_Excerpted records_.

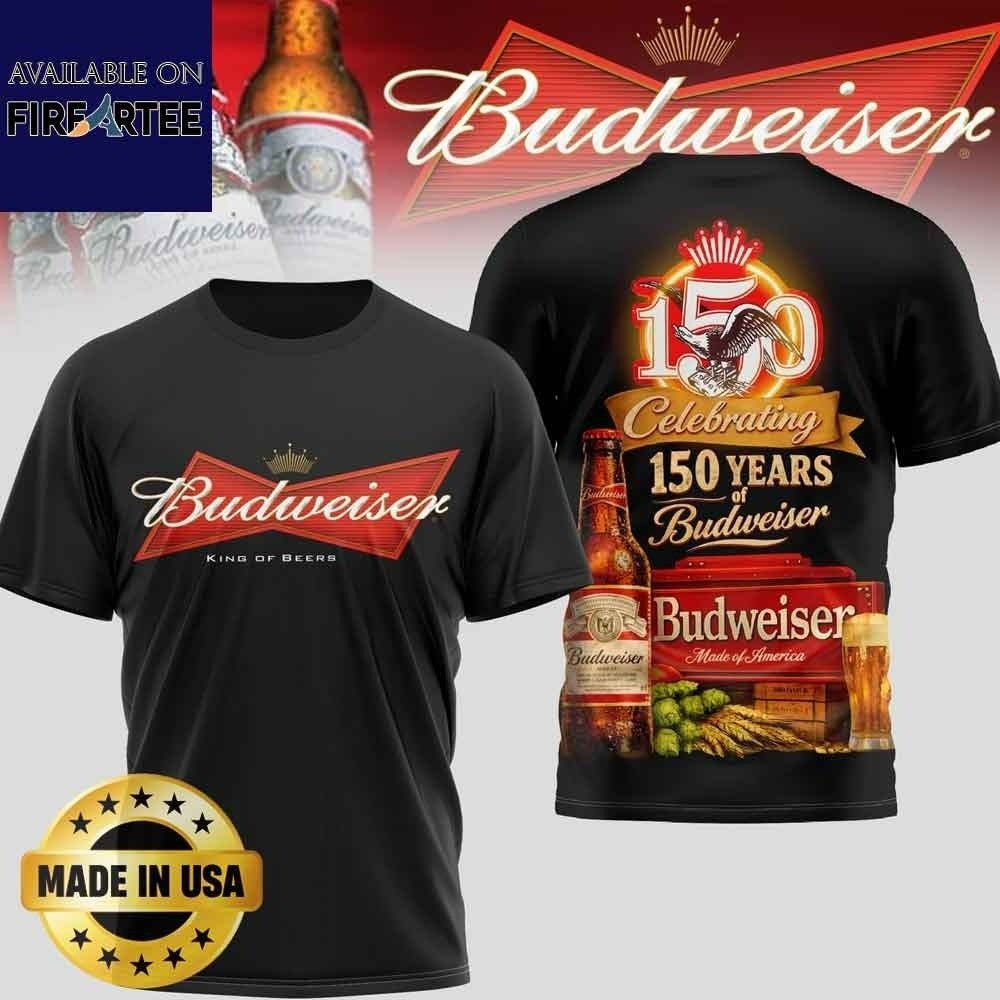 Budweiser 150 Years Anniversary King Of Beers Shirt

---

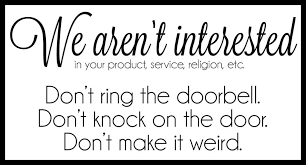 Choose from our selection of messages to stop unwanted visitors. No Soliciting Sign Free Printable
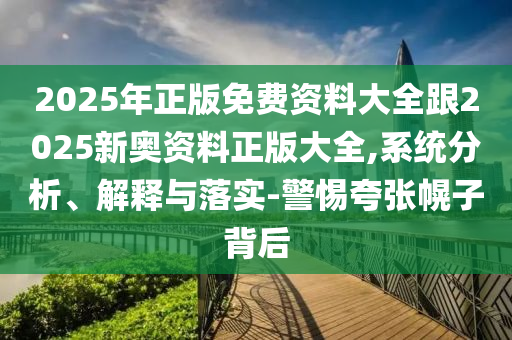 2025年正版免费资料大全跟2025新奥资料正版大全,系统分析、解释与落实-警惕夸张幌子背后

---

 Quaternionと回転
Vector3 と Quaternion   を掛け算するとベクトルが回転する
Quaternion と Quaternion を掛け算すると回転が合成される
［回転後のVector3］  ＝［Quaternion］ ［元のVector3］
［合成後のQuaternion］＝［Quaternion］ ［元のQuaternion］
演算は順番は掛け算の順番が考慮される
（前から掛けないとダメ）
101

_Exercise_. From the data above, retype only the lines starting with the line with "Choose from our" and going on through the line with "2025年正版免费资料大全跟", exactly, leaving out the pictures.

_Exercise result_.
 Choose from our selection of messages to stop unwanted visitors. No Soliciting Sign Free Printable
 2025年正版免费资料大全跟2025新奥资料正版大全,系统分析、解释与落实-警惕夸张幌子背后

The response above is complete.